The Myth of the Meritocracy

NewYorkcover.jpgI strongly recommend this week's New York magazine cover story by Jennifer Senior about the foolishness of allowing intelligence tests to determine the educational fates of four year-old children.

It's a very human story. But I especially enjoy how Senior brings the science to life. Here's my favorite moment:

I wrote to [University of Iowa psychologist David] Lohman and asked what percentage of 4-year-olds who scored 130 or above would do so again as 17-year-olds. He answered with a careful regression analysis: about 25 percent.

The implications of this number are pretty startling.
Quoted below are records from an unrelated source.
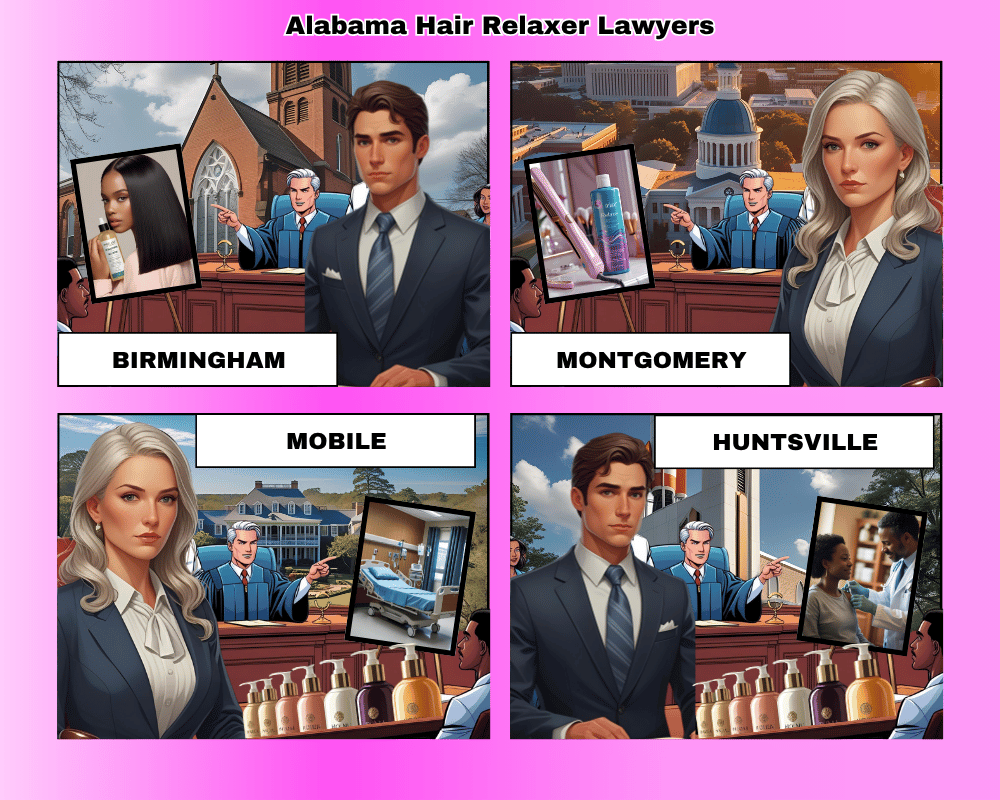 Alabama hair relaxer lawyers depicted taking ovarian cancer lawsuits to trial in Birmingham, Montgomery, Mobile, and Huntsville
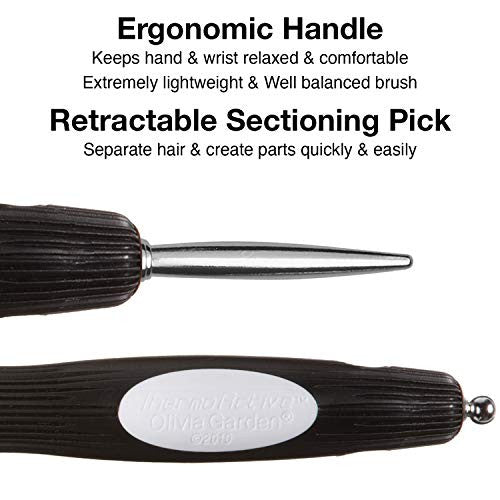 Olivia Garden ThermoActive 离子野猪毛组合发刷,3 英寸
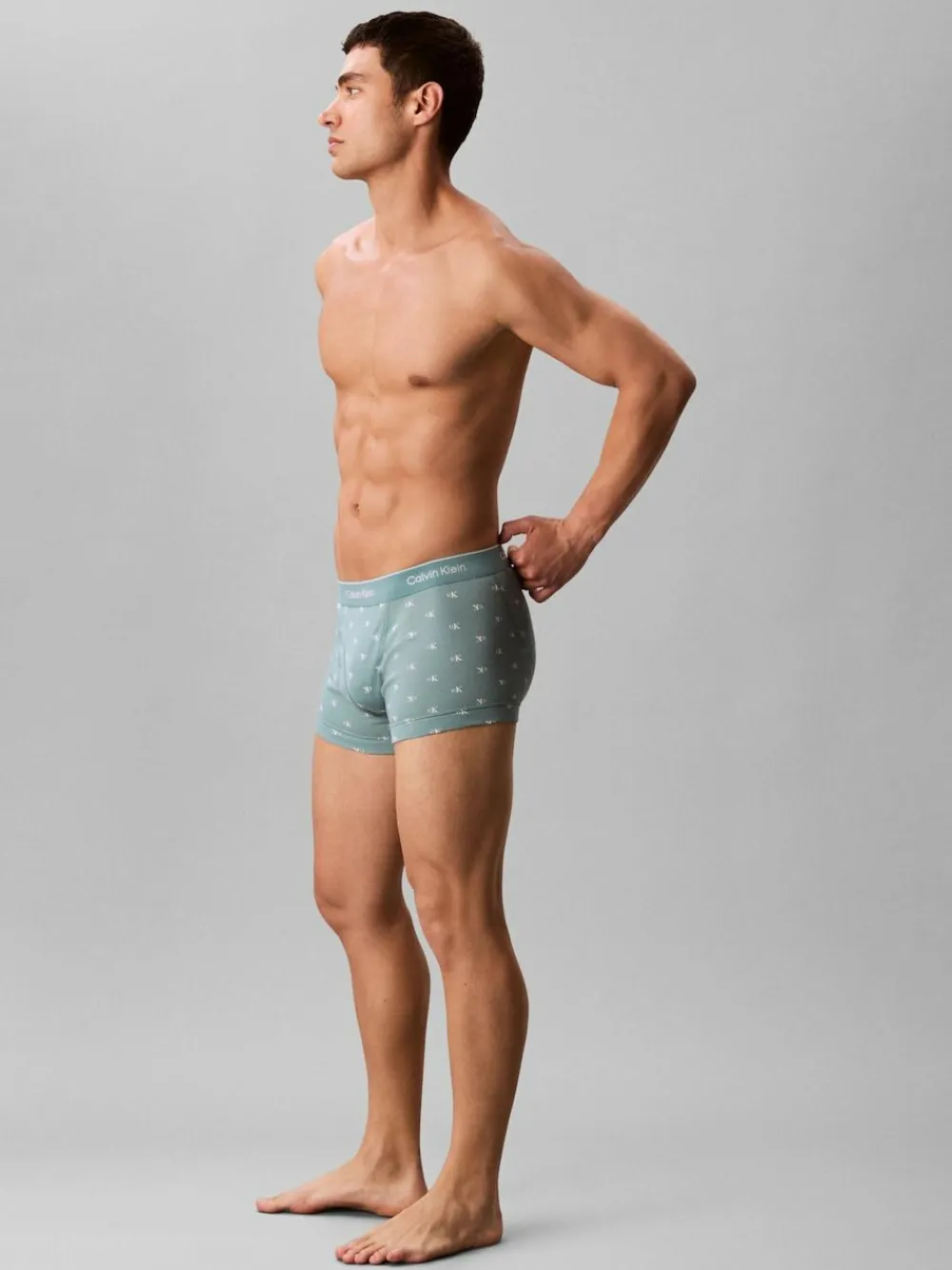 Online Calvin Klein Cotton Jersey Boxer Trunks 3 Pack Navy/Blue All Over Print/Grey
They mean that three quarters of the seniors in a gifted program would no longer test into that program if asked to retake an IQ test on graduation day. So I wrote Lohman back: Was he certain about this?

"Yes," he replied. "Even people who consider themselves well versed in these matters are often surprised to discover how much movement/noise/instability there is even when correlations seem high."

School administrators, writes Senior, understand best of all that intelligence tests for young kids are "practically worthless as predictors of future intelligence....Rather than promoting a meritocracy, in other words, these tests instead retard one. They reflect the world as it's already stratified--and then perpetuate that same stratification."

Senior is friends with my brother Josh and was kind enough to mention my book a couple of times in passing in her piece. Actually, I was at first a little let down she didn't give the book more play. But after nursing my bruised ego for a few moments, I saw the huge silver lining: there's almost no scientific or journalistic overlap between my book and her well-researched story--and yet, they resonate almost perfectly with one another. Virtually every piece of science and every quote in this piece gibes perfectly with the lessons from my research, the central lesson of which is nicely summed up by the University of Pittsburgh's Robert McCall: "Education and mental achievement builds on itself. It's cumulative."

Intelligence is a process, not a fixed, gene-determined, thing. This process begins very early on, before we can even really see it, and we therefore often confuse these early, invisible stages with some sort of innate giftedness. Then we test kids and report the results as innate differences--this one is gifted, this one is not. This one has extra promise; that one does not. We send the "gifted" ones to good schools with small class sizes, better-trained teachers, better infrastructure, better relationships with parents, and higher expectations. We send the apparently-unpromising kids to under-funded, teach-to-test schools with minimal expectations. 

And then we tell ourselves that we live in an educational meritocracy. Jennifer Senior's piece helps expose that fallacy.